Stop wariatom prasowym
Na szczęście Krzysztof Rutkowski czuje się dobrze. Postrach rodzimych i importowanych złoczyńców, facet, którego wyraz twarzy był okrutniejszy niż widok Mariusza Pudzianowskiego na oddziale ginekologiczno-położniczym, okulary bardziej elektryzujące od tych używanych przez Neo, głos wibrujący jak Lucjana Szołajskiego po kontakcie z prasą wysokiego zgniotu – zasłabł. Po prostu zwinął się niczym Gołota z ringu.

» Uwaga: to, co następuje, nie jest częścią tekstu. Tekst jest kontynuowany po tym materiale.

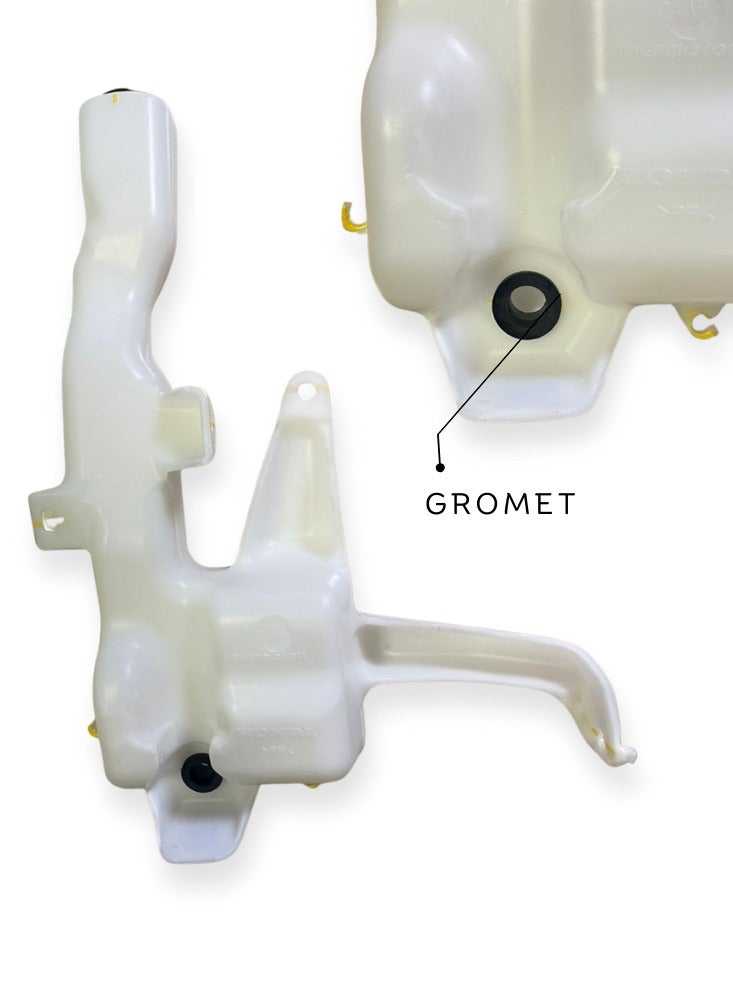SNH Windshield Washer Tank, OEM No.76841TGGE01-PFM, For Civic (2017-2018) - Image 3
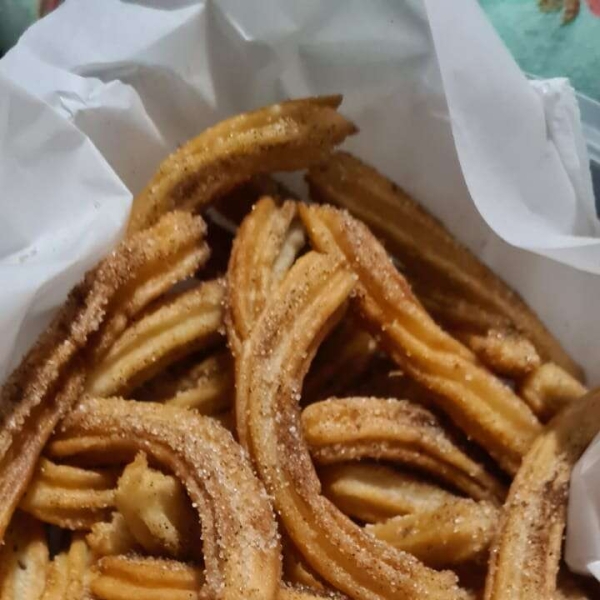 Churros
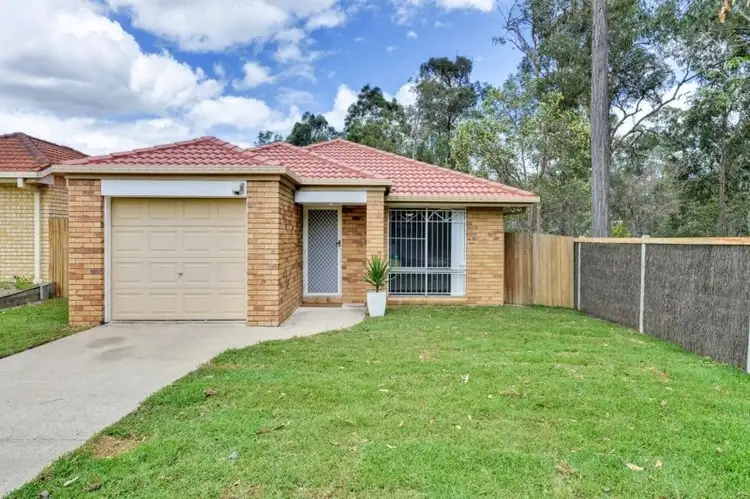 Fourth view of Homely house listing, 109 Brooklands Circuit, Forest Lake QLD 4078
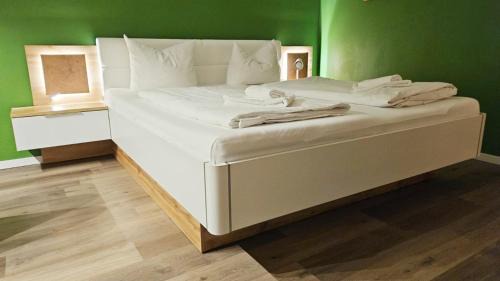 Todtnauberg Apartment | Ferien im Tannenhof Wohnung 1, in der Eltern-Kind-Fachklinik Tannenhof in Todtnauberg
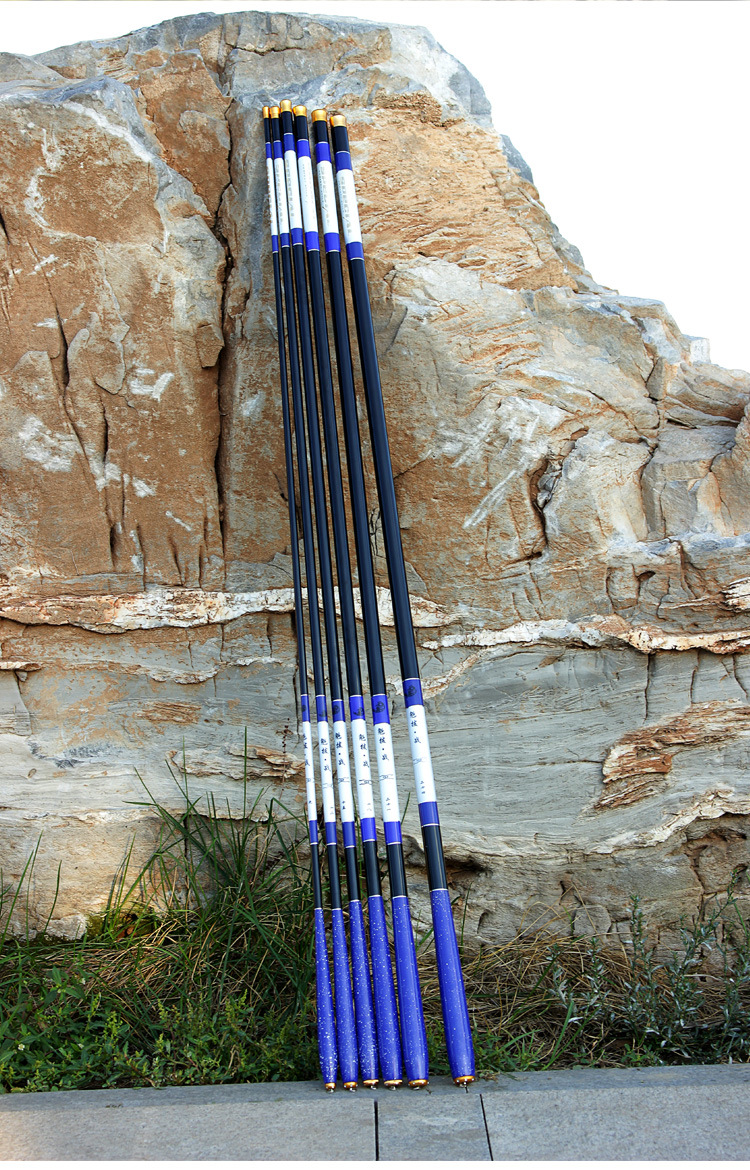 日本进口碳素28调鱼竿魁拔战特价鱼竿台钓鱼竿鲫鱼竿鲤鱼竿批发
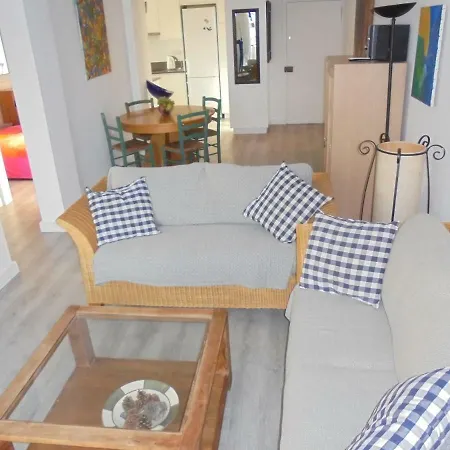Апартаменты Cende Court 2 Bedroom - Sea Views *
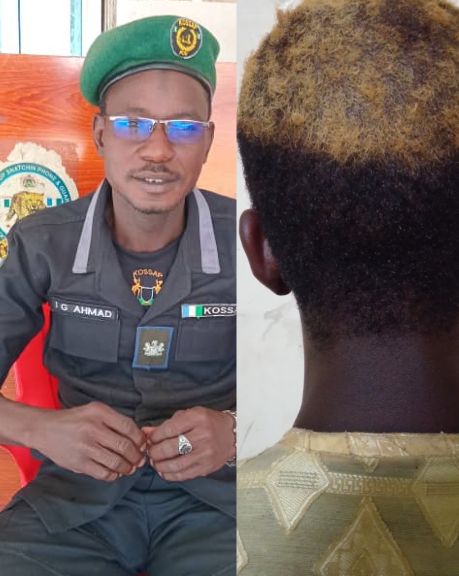 Na saci wayoyi sama da 20, ta hanyar Sane, ina sayen kayan shaye-shaye - Matashi a Kano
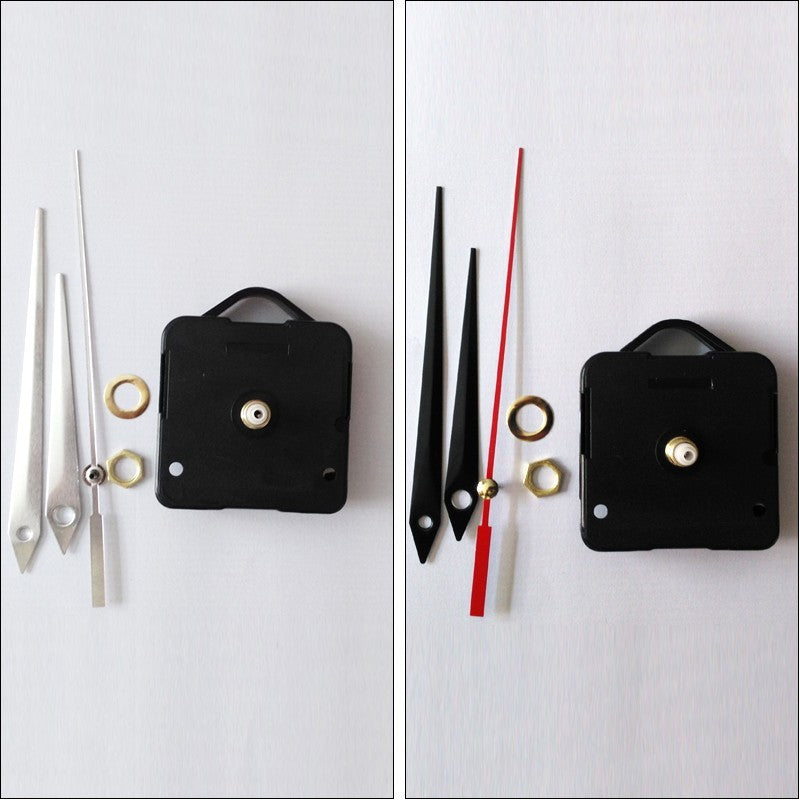 Reloj de pared acrílico DIY creativo de moda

Świadkowie pozostawali w osłupieniu i z niepokojem widocznym wyraźnie na twarzach, odprowadzali wzrokiem sanitariuszy miejscowego pogotowia, którzy, nie grymasząc i nie płacząc, wynosili niedawnego jeszcze bohatera telenoweli Detektyw z jednej z sal, których wiele w Sądzie Rejonowym w Katowicach. Ciekawe czy mają ze sobą pawulon – mógł pomyśleć adwokat, któremu zależało na pozytywnym załatwieniu sprawy. -Krzysiek ! Jak znajdziesz się w tunelu za żadne skarby świata nie idź w stronę światła!- mógł krzyknąć prokurator, któremu też zależało na pozytywnym załatwieniu sprawy. Ten drugi nie krzyknął. Zareagowali za to sędziowie. - Hej tam gdzieś znad czarnej wody/ siada na koń kozak młody/ - zdało się słyszeć melodię wicehymnu Rrzeczypospolitej, w której imieniu Wysoki Sąd udawał się w te pędy do szpitala.... by dokończyć odczytywanie wyroku. A to feler, westchnął seler.

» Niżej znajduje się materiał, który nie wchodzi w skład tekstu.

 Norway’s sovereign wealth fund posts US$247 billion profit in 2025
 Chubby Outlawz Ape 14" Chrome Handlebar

O wiele bardziej suchą relację z tego wiekopomnego wydarzenia przekazały media. Polska Agencja Prasowa doniosła: - Rutkowski został zatrzymany w nocy z soboty na niedzielę przez ABW...Stop... Jest podejrzany o udział w zorganizowanej grupie... Stop... przestępczej, pranie brudnych pieniędzy, powoływanie się w zamian za korzyści majątkowe na wpływy w instytucjach państwowych i poświadczanie nieprawdy...Stop...

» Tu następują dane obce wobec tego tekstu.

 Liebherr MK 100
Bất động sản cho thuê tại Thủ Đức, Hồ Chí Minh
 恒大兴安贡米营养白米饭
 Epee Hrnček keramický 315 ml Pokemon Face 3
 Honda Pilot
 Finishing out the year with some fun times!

Czuć układami na odległość. Być może w bardziej humanitarny sposób należałoby spojrzeć na zainteresowanego. Decyzja o aresztowaniu Rutkowskiego zapadała w dramatycznych okolicznościach, a już zgryźliwe media wspierające przedstawicieli upolitycznionych prokuratorów, którzy chcą tylko poPISać się przed opinią publiczną, wydały na naszego bohatera wyrok. Zdania podobnej treści dało się słyszeć w wypowiedziach co światlejszych umysłów polskiej sceny. Współpracownicy i pracownicy szeregu firm założonych przez poszkodowanego nie dowierzają zarzutom. Zapewne znaleźliby się też niedowierzalscy w samej palestrze, ale wcześniej, prawdziwą gwiazdę, najjaśniejszy punkt w panteonie rodzimego wymiaru sprawiedliwości – mecenasa D. też wsadzili. Na szczęście media nie mogą podać jego nazwiska, a stwierdzenia, że jest ono synonimem piki, a jego właściciel był blisko związany z przewodniczącym Samoobrony nie pozwoli na skojarzenia. Przed zasłabnięciem sąd nie zdążył odczytać sentencji postanowienia o areszcie. Tymczasem 24-godzinny termin, w którym miała zapaść decyzja, upływał za kilka godzin. Wcześniej czas zrobił swoje. Zegar tykał w tradycyjny dla siebie, prawostronny sposób. Było coraz parniej. Powietrze się skończyło, świeże. Dlatego skład sędziowski podjechał do szpitala, aby tam kontynuować posiedzenie. Lekarze uznali, że Rutkowski może w nim uczestniczyć. Też są w skupisku! Jak bowiem można tak szanowanego obywatela, architekta większości inicjatyw oraz poważanego urbanistę oddolnych inicjatyw obywatelskiej sprawiedliwości zamknąć do więzienia. Tylko czekać jak zacznie działać stowarzyszenie instytucji poszkodowanych przez prasę. A PZU zechce sfinansować nową kampanię społeczną.